WORKING DATA ::
* * * * * * * * *
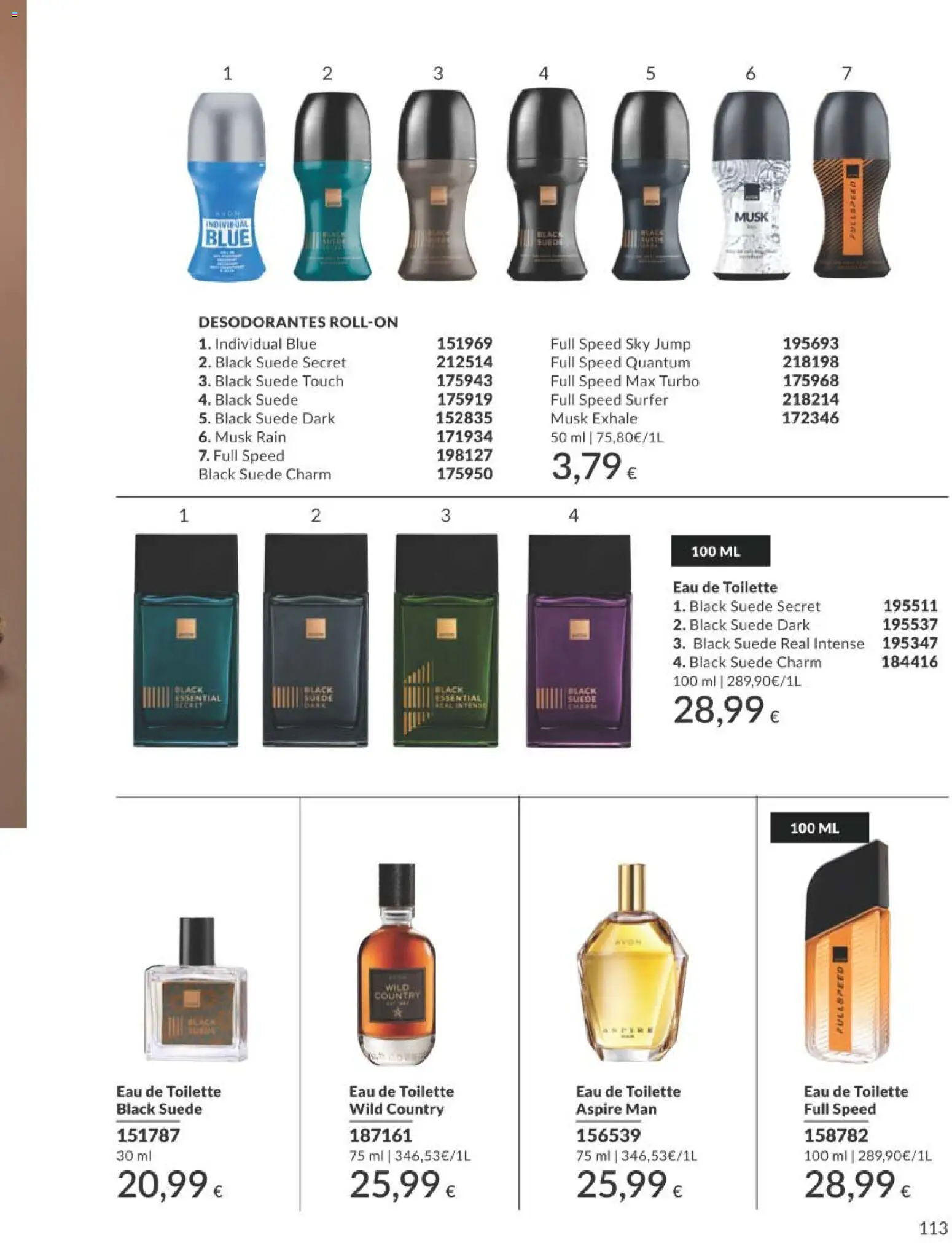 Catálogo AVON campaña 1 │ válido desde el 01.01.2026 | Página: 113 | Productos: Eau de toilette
* * * * * * * * *
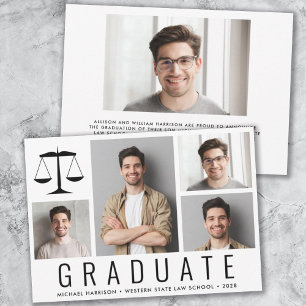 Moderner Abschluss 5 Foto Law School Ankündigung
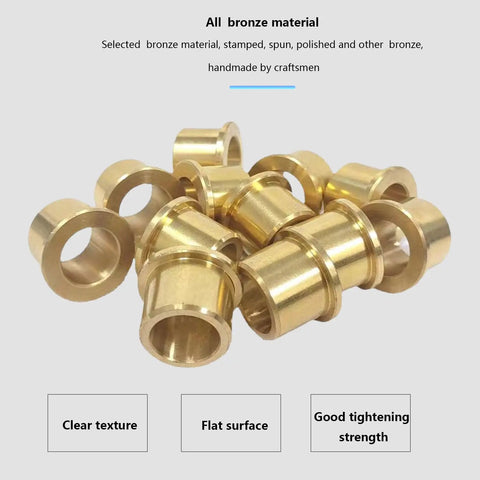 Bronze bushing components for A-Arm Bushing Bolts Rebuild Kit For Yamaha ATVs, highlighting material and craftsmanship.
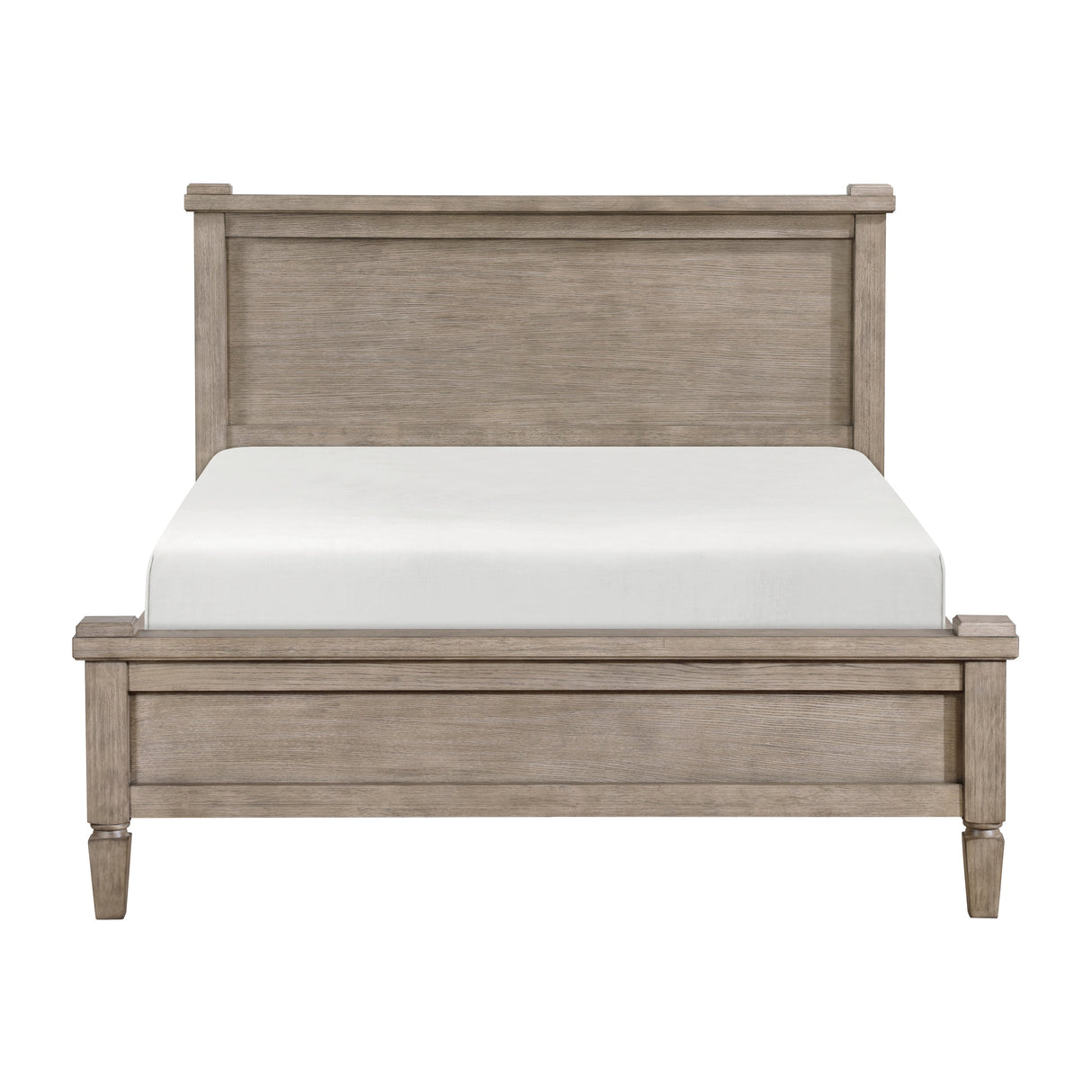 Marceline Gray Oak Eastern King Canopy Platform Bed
* * * * * * * * *
EXERCISE PROMPT ::
Copy word for word the lines above, starting at the line containing "Moderner Abschluss 5" and ending at the line containing "Marceline Gray Oak", inclusive, with no pictures.

RESPONSE FOR THIS EXERCISE ::
 Moderner Abschluss 5 Foto Law School Ankündigung
 Bronze bushing components for A-Arm Bushing Bolts Rebuild Kit For Yamaha ATVs, highlighting material and craftsmanship.
 Marceline Gray Oak Eastern King Canopy Platform Bed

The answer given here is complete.